PROVIDED RECORDS:
========

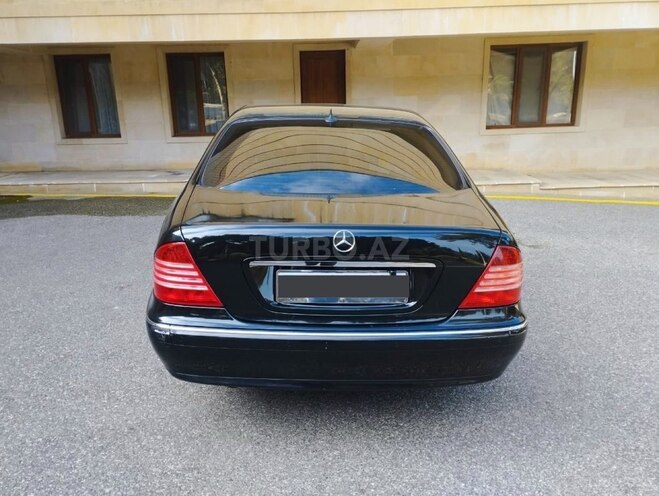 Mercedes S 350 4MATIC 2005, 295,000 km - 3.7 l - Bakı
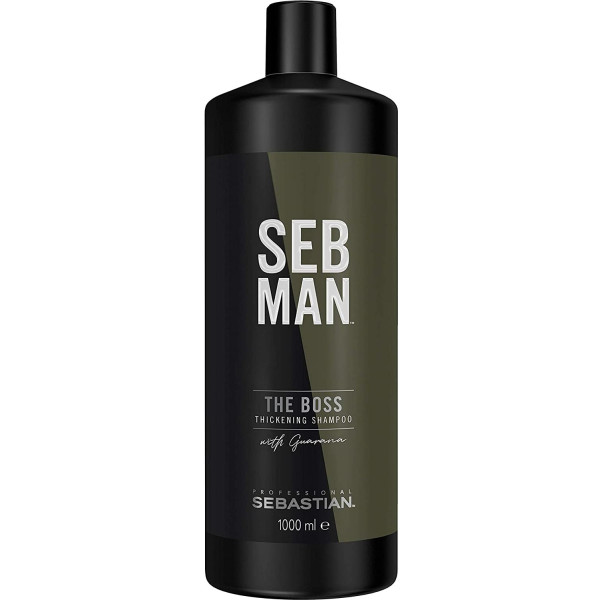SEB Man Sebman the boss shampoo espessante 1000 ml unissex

========

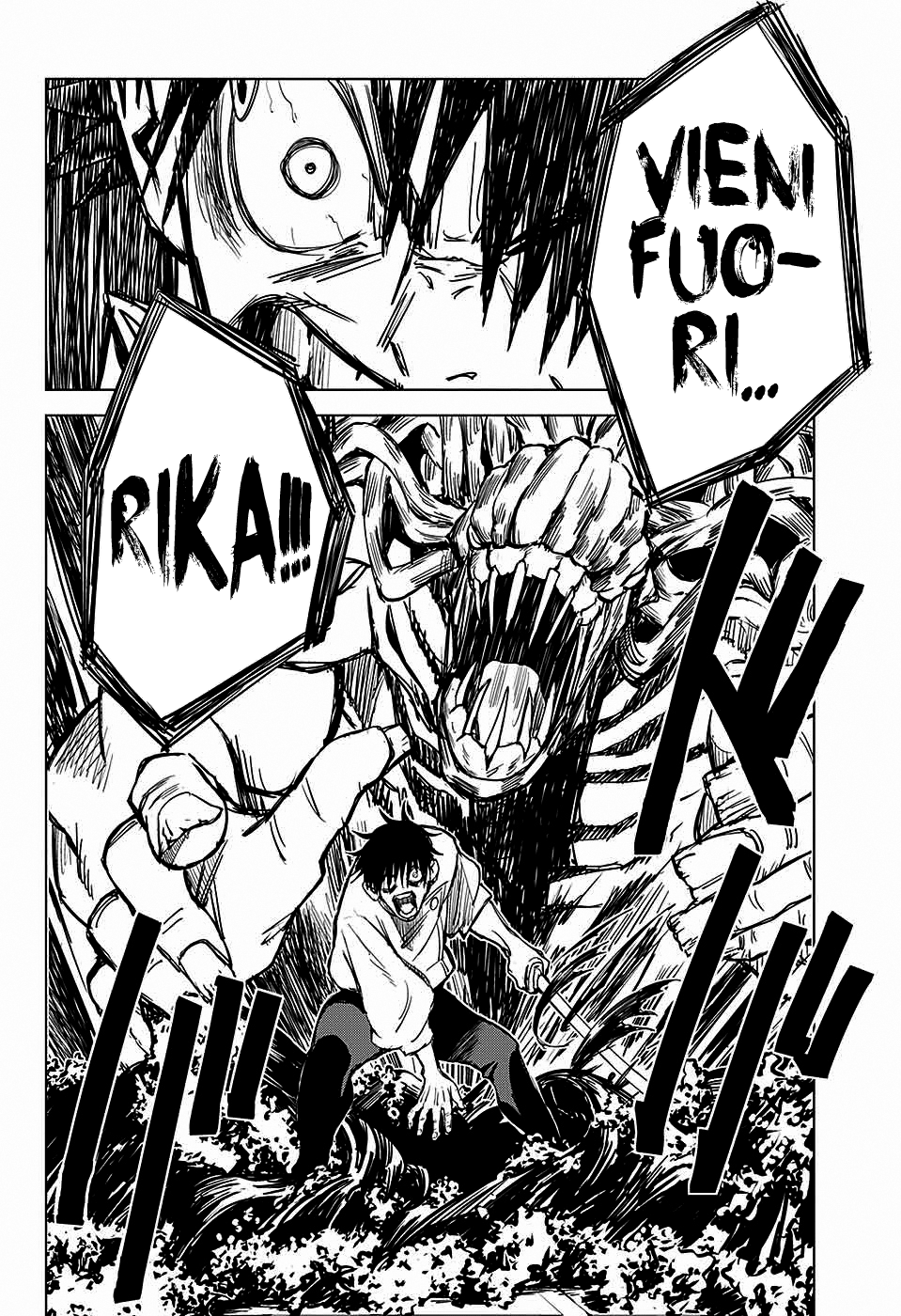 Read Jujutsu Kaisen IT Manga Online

========

TO DO: Among the entries above, take the lines from the one with "Mercedes S 350" through the one with "SEB Man Sebman" and retype them exactly, leaving out the pictures.

FINISHED EXERCISE:
 Mercedes S 350 4MATIC 2005, 295,000 km - 3.7 l - Bakı
SEB Man Sebman the boss shampoo espessante 1000 ml unissex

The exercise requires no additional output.